> _How to complete this task_
Write out precisely the lines beginning with the line that contains "2-Biz Donna, Jeans, Blu, 2Xl, new" and ending with the last line of the entries, and no other lines.

(Records provided Opens)

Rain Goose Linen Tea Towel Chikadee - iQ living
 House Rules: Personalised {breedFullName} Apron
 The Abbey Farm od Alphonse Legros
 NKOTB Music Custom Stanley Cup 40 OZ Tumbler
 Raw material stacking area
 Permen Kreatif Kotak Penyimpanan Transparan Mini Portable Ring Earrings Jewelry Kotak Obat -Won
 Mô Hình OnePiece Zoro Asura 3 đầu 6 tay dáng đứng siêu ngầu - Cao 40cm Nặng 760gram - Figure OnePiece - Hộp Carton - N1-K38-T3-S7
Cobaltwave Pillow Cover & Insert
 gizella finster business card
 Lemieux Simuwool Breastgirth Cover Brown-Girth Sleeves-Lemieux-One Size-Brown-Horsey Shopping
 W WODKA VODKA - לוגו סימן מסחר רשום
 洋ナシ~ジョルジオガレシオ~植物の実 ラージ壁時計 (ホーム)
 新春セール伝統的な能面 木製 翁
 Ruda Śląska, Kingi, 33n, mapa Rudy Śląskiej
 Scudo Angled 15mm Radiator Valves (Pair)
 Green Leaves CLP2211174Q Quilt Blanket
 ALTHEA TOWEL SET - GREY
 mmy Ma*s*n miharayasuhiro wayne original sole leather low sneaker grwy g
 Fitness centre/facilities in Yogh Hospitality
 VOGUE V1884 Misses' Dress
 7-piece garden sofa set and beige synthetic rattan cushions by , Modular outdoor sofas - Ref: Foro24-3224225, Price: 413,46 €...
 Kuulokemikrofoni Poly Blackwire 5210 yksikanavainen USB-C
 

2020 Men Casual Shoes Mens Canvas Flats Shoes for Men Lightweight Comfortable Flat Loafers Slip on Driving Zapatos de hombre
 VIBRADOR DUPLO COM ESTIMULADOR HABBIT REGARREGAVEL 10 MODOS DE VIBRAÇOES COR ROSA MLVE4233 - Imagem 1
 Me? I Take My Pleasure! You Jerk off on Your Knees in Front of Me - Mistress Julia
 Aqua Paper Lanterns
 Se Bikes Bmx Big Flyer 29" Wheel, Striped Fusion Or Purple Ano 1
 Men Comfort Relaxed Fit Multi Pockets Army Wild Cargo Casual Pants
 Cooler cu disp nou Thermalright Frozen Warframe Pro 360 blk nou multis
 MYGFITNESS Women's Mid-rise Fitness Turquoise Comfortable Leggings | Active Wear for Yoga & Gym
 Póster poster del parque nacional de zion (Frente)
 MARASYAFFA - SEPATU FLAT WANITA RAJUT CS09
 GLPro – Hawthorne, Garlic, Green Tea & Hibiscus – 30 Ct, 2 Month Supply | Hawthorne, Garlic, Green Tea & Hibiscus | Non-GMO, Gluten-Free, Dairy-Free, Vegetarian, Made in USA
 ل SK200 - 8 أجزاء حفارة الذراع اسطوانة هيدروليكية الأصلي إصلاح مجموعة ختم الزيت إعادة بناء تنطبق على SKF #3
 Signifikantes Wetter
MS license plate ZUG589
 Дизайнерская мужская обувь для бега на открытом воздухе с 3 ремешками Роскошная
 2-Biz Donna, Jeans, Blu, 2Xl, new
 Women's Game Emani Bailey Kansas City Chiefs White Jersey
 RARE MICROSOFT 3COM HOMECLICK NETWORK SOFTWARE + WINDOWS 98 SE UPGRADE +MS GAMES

(Records provided Closes)

> _Expected answer_
 2-Biz Donna, Jeans, Blu, 2Xl, new
 Women's Game Emani Bailey Kansas City Chiefs White Jersey
 RARE MICROSOFT 3COM HOMECLICK NETWORK SOFTWARE + WINDOWS 98 SE UPGRADE +MS GAMES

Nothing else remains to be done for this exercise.